No more than 25,000 of the total number of Shares available for Awards
under the Plan shall be issued during the term of the Plan in the form of Stock
without restrictions.
9. STOCK OPTIONS.
9.1 TERMS OF ALL OPTIONS.
(a) An Option shall be granted pursuant to an Agreement as
either an Incentive Stock Option or a Non-Statutory Stock Option. The
purchase price of each Share subject to an Option shall be determined
by the Committee and set forth in the Agreement, but shall not be less
than 100% of the Fair Market Value of a Share as of the date the
Option is granted.
(b) The purchase price of the Shares with respect to which an
Option is exercised shall be payable in full at the time of exercise,
provided that to the extent permitted by law, the Agreement may permit
some or all Participants to simultaneously exercise Options and sell
the Shares thereby acquired pursuant to a brokerage or similar
relationship and use the proceeds from such sale as payment of the
purchase price of such Shares.

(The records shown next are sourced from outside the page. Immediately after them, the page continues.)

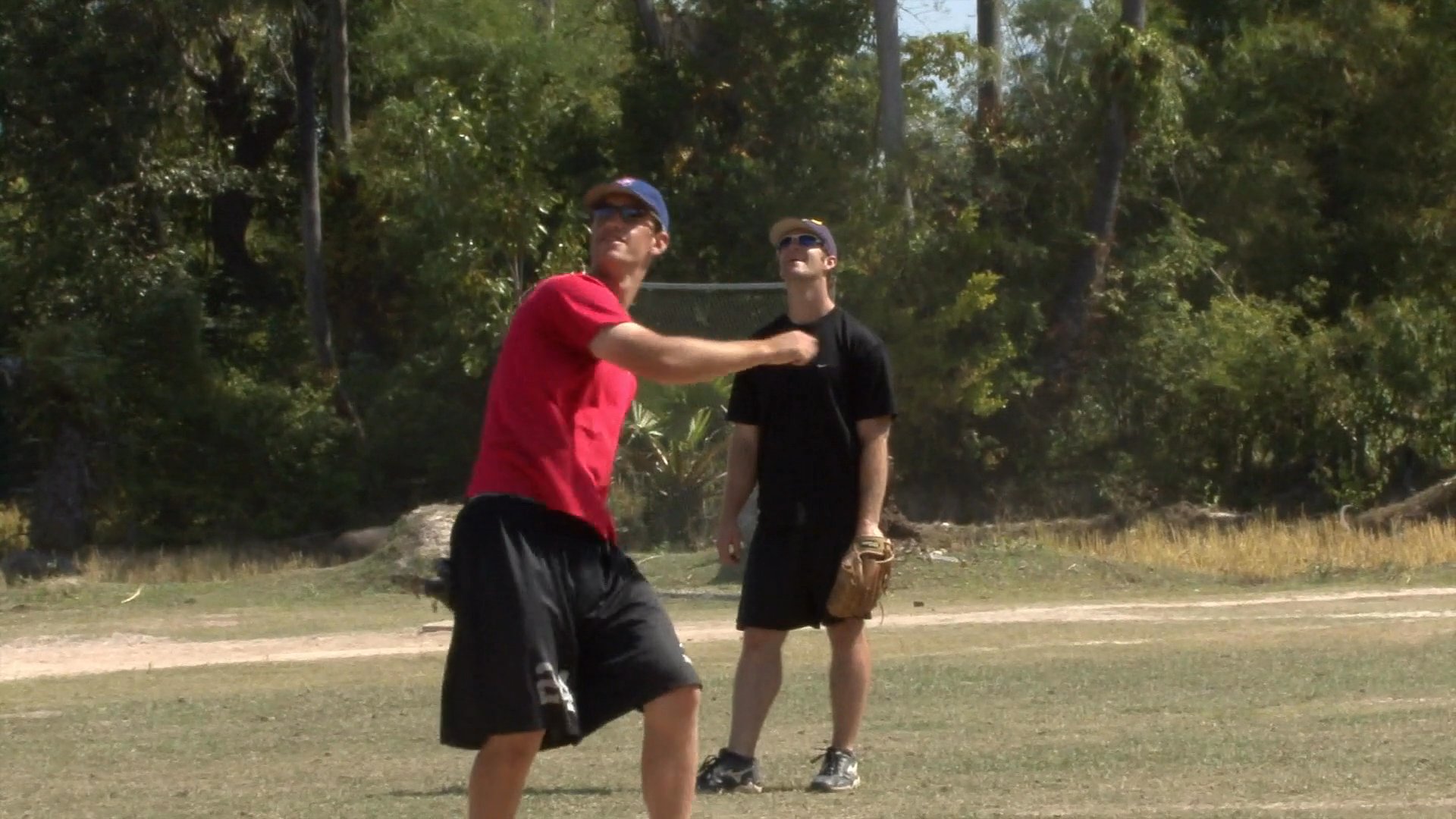 Athletes perform physical conditioning and fitness drills under the supervision of a coach in an outdoor setting before transitioning to baseball practice on a field.
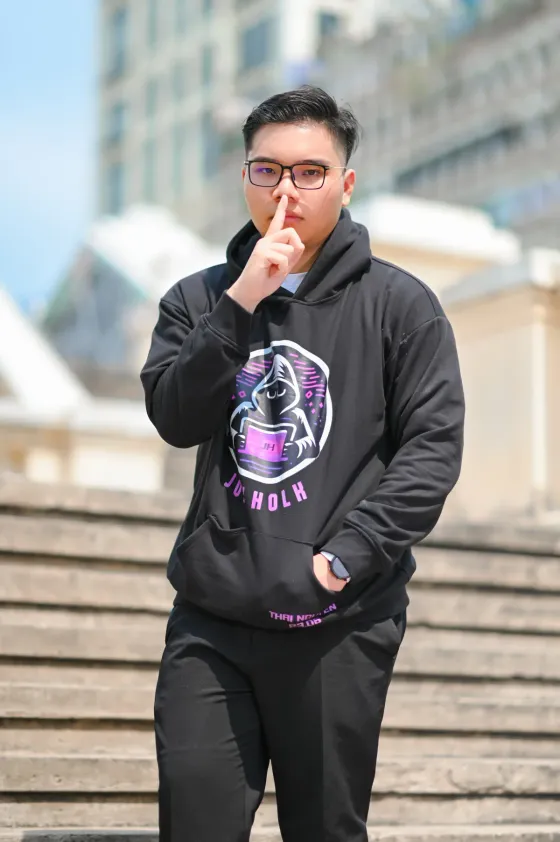 Portrait of Jok Holk wearing a black hoodie with the Jok Holk logo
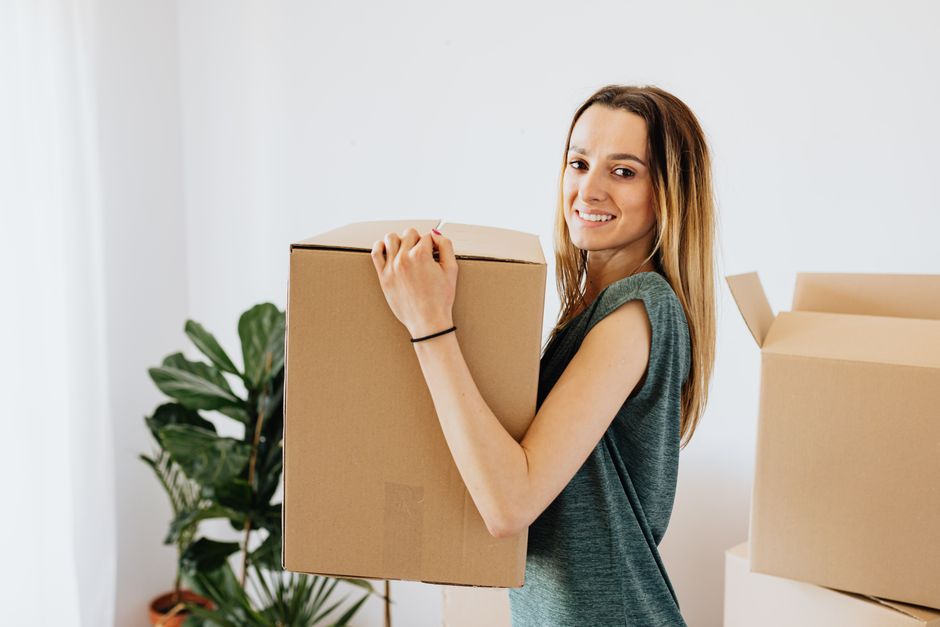 Movers carrying moving boxes carefully out of a residential home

The purchase price may be payable in
cash, in Shares having a Fair Market Value as of the date the Option
is exercised equal to the purchase price of the Shares being purchased
pursuant to the Option, or a combination thereof, as determined by the
Committee and provided in the Agreement but no fractional Shares will
be issued or accepted.
(c) The Committee may provide, in an Agreement or otherwise,
that a Participant who exercises an Option and pays the Option price
in whole or in part with Shares then owned by the Participant will be
entitled to receive another Option covering the same number of shares
tendered and with a price of no less than Fair Market Value on the
date of grant of such additional Option ("Reload Option"). Unless
otherwise provided in the Agreement, a Participant, in order to be
entitled to a Reload Option, must pay with Shares that have been owned
by the Participant for at least the preceding 180 days.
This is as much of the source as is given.